Markets are Eerily Calm

Overview: There is an eerie calm over in the capital market through the European morning today despite some ostensibly worrisome developments.  While many, like ourselves, expect UK Prime Minister May to survive a vote of confidence, it hardly clarifies the outlook.  The US government shutdown continues unabated, except that some furloughed workers are being ordered back without pay, while the economic impact is seen increasing, taking a little more than 0.1% off GDP a week.   US Trade Representative Lighthizer saw little progress in recent talks with China, according to a Senator he spoke with, though was pleased with the soy purchases.  The US and Europe are staking out positions for their trade talks, and a fight over agriculture has already been signaled.  The dollar is little changed, mostly inside yesterday’s ranges.  Global equities are narrowly mixed.  Peripheral European benchmark 10-year yields are softer, led by Italy after a successful syndicated bond sale yesterday.  Core bond yields are slightly firmer.   

Asia Pacific

Chinese officials have been rolling out stimulative measures to arrest the economic slowdown, which seems partly a function of its own internal dynamics, but also a function of foreign demand.  Some of the reduction in foreign demand is tied to the trade tensions with the US and some likely reflect weaker growth abroad.  Today’s record injection (CNY560 bln) is a record open market operation but is not part of the stimulus effort but appears motivated by technical considerations, such as today’s tax date and preparations for the upcoming Lunar New Year holiday.  Pressures have been building over the past week as the seven-day repo rate has risen by nearly 45 bp over the past week.  

Mostly due to natural disasters, the Japanese economy contracted in Q3.  It bounced back strongly in October, but the global headwinds seem to have cramped the recovery in November.  Earlier today, Japan reported core machinery orders were flat in November.  Economists had expected a small increase after a dramatic 7.6% rise in October.  The preliminary estimate for the overall machine tool orders for December had been reported previously to have fallen 18.3% year-over-year after a 17.0% fall in November.  The weak tertiary industry index slippage of 0.3% in November seems to reflect some payback after the 2.2% increase in October (initially 1.9%).    Japan will report December CPI before the weekend, and the effect of decline in oil prices will likely be seen.  The BOJ meets next week, and there is some speculation that it will shave its inflation forecasts due to the decline in oil (and rise in the yen?).  

The dollar remains in a JPY107.80-JPY109.00 trading range.  Toward the lower end of the range, there are around $1.8 bln in options struck between JPY107.80 and JPY108.20.  The Australian dollar is also moving sideways in a narrow range (~$0.7175-$0.7235).  The technical indicators appear to favor a downside break.  The New Zealand dollar is lower for the third session and is threatening to extend its range lower.  The dollar eased four of last week’s five sessions against the Chinese yuan, and after firming Monday, the dollar yesterday and today.   The dollar finished the local session below CNY6.76 for the first time since the middle of last July.  We expect officials to protest/resist a move below CNY6.70.  

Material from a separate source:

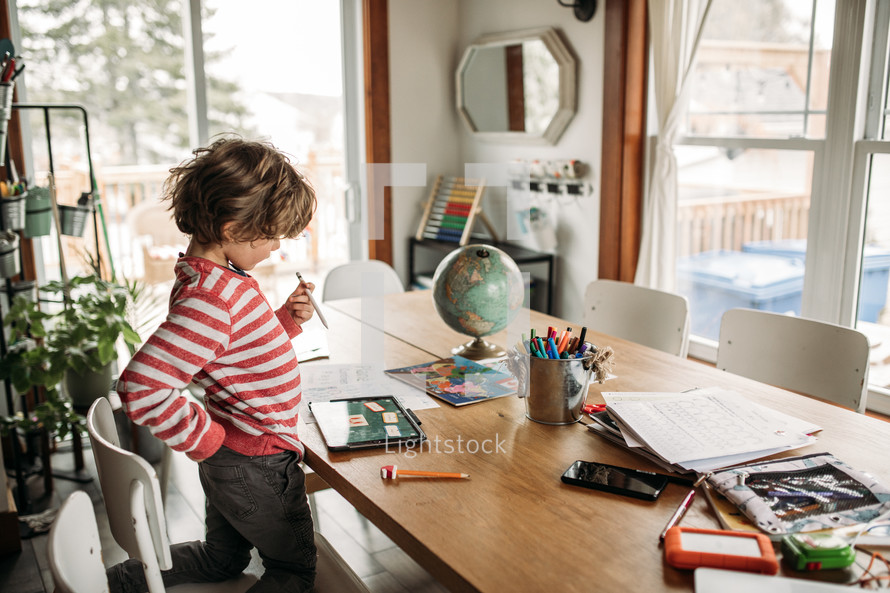 a kid doing school work at home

At the end of last year, May survived a vote of confidence within the Tory Party. The MPs may be frustrated with her, but there was no acceptable alternative.  May is right:  the House of Commons rejected the Withdrawal Bill, but are still no closer to agreeing on an alternative.  That is what needs to be explored assuming she passes today’s confidence vote in Parliament.  She is expected to survive because most of those that rejected the bill yesterday, do not want to have an election, which would be the third one in four years.  May indicated that she would reach out to opposition parties to see what a majority wants.  There are several possibilities, including a second referendum, a Norway-style partnership, or a permanent customs union.    The EC has expressed its disappointment but has not offered new concessions.  It is possible that it will at some point, but the UK is still negotiating with itself.   If May does not survive the vote of confidence, sterling will likely sell-off.  If she survives,  a flurry of meetings over the next few days will see a new position emerge over the weekend and early next week.  We suspect the Brexit will be softer and take longer (beyond March 29) than anticipated.  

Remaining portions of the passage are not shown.